Detalhes bibliográficos
Ano de defesa: 2008
Autor(a) principal: Gustavo Fernandes Rodrigues
Orientador(a): Não Informado pela instituição
Banca de defesa: Não Informado pela instituição
Tipo de documento: Tese
Tipo de acesso: Acesso aberto
Idioma: por
Instituição de defesa: Universidade Federal de Minas Gerais
UFMG
Programa de Pós-Graduação: Não Informado pela instituição
Departamento: Não Informado pela instituição
País: Não Informado pela instituição
Palavras-chave em Português:
Link de acesso: http://hdl.handle.net/1843/BUOS-8CVHTG
Resumo: The objective of this study is to analyze the limitations of techniques for blind source separation (BSS) of convolved mixtures based on time-frequency domain binary masking. These techniques are based on the sparsity of speech signals and assume that, in a mixture of independent speech signals, for each time and frequency, it is unlikely to find more than one active source.

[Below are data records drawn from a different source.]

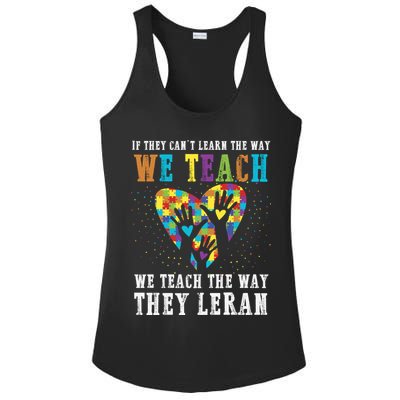 We Teach The Way They Lean Autism Awareness Month Ladies PosiCharge Competitor Racerback Tank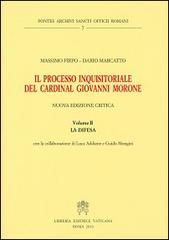 Il processo inquisitoriale del cardinal Giovanni Morone vol.2 di Massimo Firpo, Dario Marcatto edito da Libreria Editrice Vaticana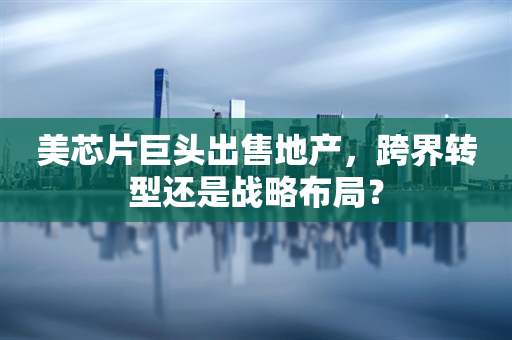 美芯片巨头出售地产，跨界转型还是战略布局？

In this study, initially, the performance of the DUET algorithm is analyzed for convolved mixtures. The use of phase information for source separation is evaluated through the analysis of performance of an algorithm proposed which uses only relative amplitude information for the estimation of spectral masks. It was verified that, for the specific case of the separation of two speech signals, the use of phase information does not affect the algorithm performance. In the next step, the limitations of the spectrum masking technique is analyzed as a function of the reverberation time of the signals that compose the mixture to be separated. When the ideal masks are known, a separation of about 9 dB is obtained for the case of an environment with reverberation time less than 300 ms. From this point on, as the reverberation time increases, the signals that compose the mixture spread over the time-frequency plane, progressively reducing the separation process performance. Next, given that finding ideal masks based on a single mixture is still an open problem, the performance loss of the separation process is measured as a function of the distance between the ideal mask and the mask effectively used. The results found show a performance loss of 3 dB when approximately 10% of the bits of the ideal mask are inverted. Finally, preliminary analyses are carried out to find the ideal mask based on negentropy, kurtosis and on the energy of the separated signals.